Proper editing adds a lot to the final look of your image, and it can make it or break it. The number of editing styles and methods is unlimited, but there’s one simple addition that can make your landscape photos more dramatic: vignettes. In this video, Mark Denney explains how a simple vignette can contribute to your landscape photos. He also suggests four different ways of adding vignettes so you can find the best solution for any kind of landscape photo.
Before you start editing the image, try to determine where the viewer’s eye will travel throughout the scene. At the same time, find any distractions in the scene, and ideally try to keep the viewer’s eye away from corners/edges of your frame and from those distractions.
A vignette can be a great solution to both emphasize the subject and direct the viewer’s eye away from distractions. When used correctly and effectively, it can be a great tool for creating a focused and dramatic landscape.

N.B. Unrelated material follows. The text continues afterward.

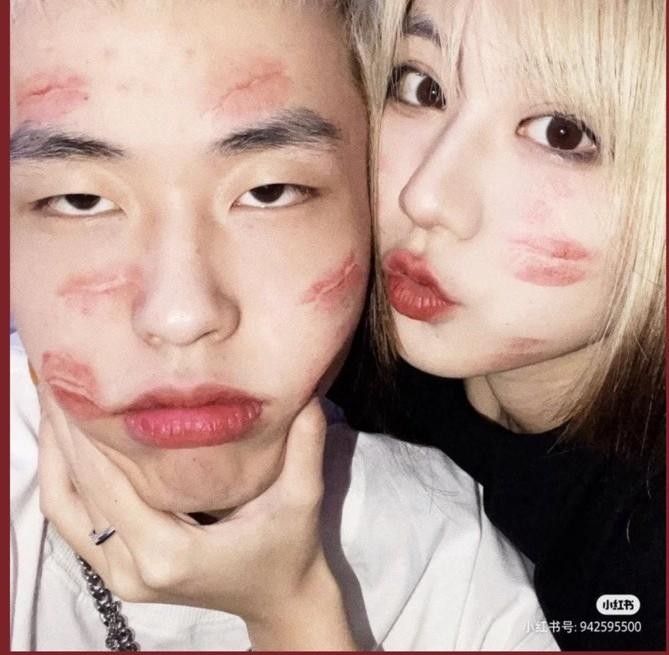 two people with makeup on their faces posing for the camera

Of course, there’s no ”one size fits all” solution, so you will need to use vignettes in different ways depending on the image you’re editing. Mark discusses four ways to add vignette and improve your landscape photos:
1.Vignette slider inside Lightroom’s Effects panel – this is the most obvious option for adding a vignette and it’s ideal when the main subject is in the center of your frame. Within this tool, there are five sliders you can adjust:
- Amount slider (changes the vignette’s brightness)

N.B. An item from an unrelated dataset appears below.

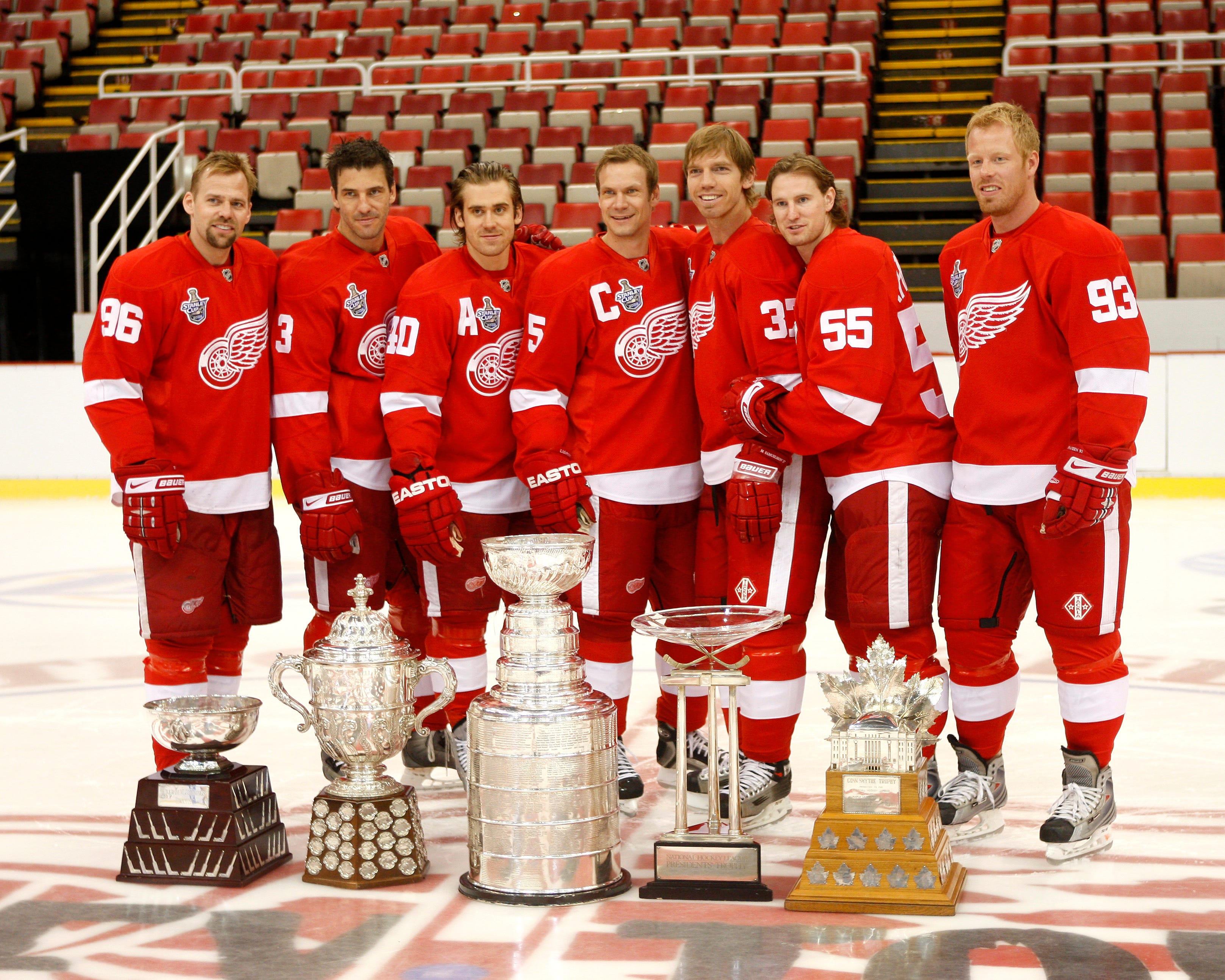 The Swedish contingent of the team pose with the various trophies won throughout the 2008 postseason. From left are Tomas Holmstrom, Andreas Lilja, Henrik Zetterberg, Nicklas Lidstrom, Mikael Samuelsson, Niklas Kronwall, and Johan Franzen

- Midpoint slider (changes the size of the vignette’s midpoint)
- Roundness (lets you choose between a more round or square shape for your vignette)

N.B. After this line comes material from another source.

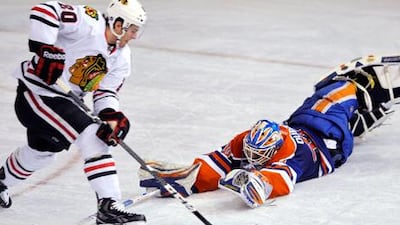 Chicago Blackhawks' Brandon Saad is checked by Edmonton Oilers goalie Devan Dubnyk.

- Feather slider (changes between smoother and harder transition zone)
- Highlights slider (recovering highlights in the corners)
2. Radial filter – Mark uses this one most often, and it works best when your main subject isn’t in the center of the shot. If you want to use this method, put the center of your radial filter on the subject and then click the Invert mask. This way everything on the outside of the radial filter will be dark, and the inside will be bright. Then adjust the feather and size of your vignette.
3. Graduated filter – this method works great when the brightest part of your image stretches throughout the scene vertically, horizontally or diagonally. To illustrate my point, here’s one of Mark’s examples:
4. Adjustment brush – like the Radial filter, this is also one of Mark’s favorites. It’s great for custom vignettes regardless of where your main subject is in the scene. Select the Adjustment Brush tool, use lower brush flow, and paint in the vignette precisely in the areas where you want it to be.
I personally never use the Vignette tool in Lightroom and I’ve never considered adding vignettes to my landscape images. Still, when I look back, I realize that I often use the Graduated filter to emphasize the most important areas in the scene. So I guess I do use this “custom vignette” from time to time. What about you? Do you add vignette to your landscape images? What’s your preferred method?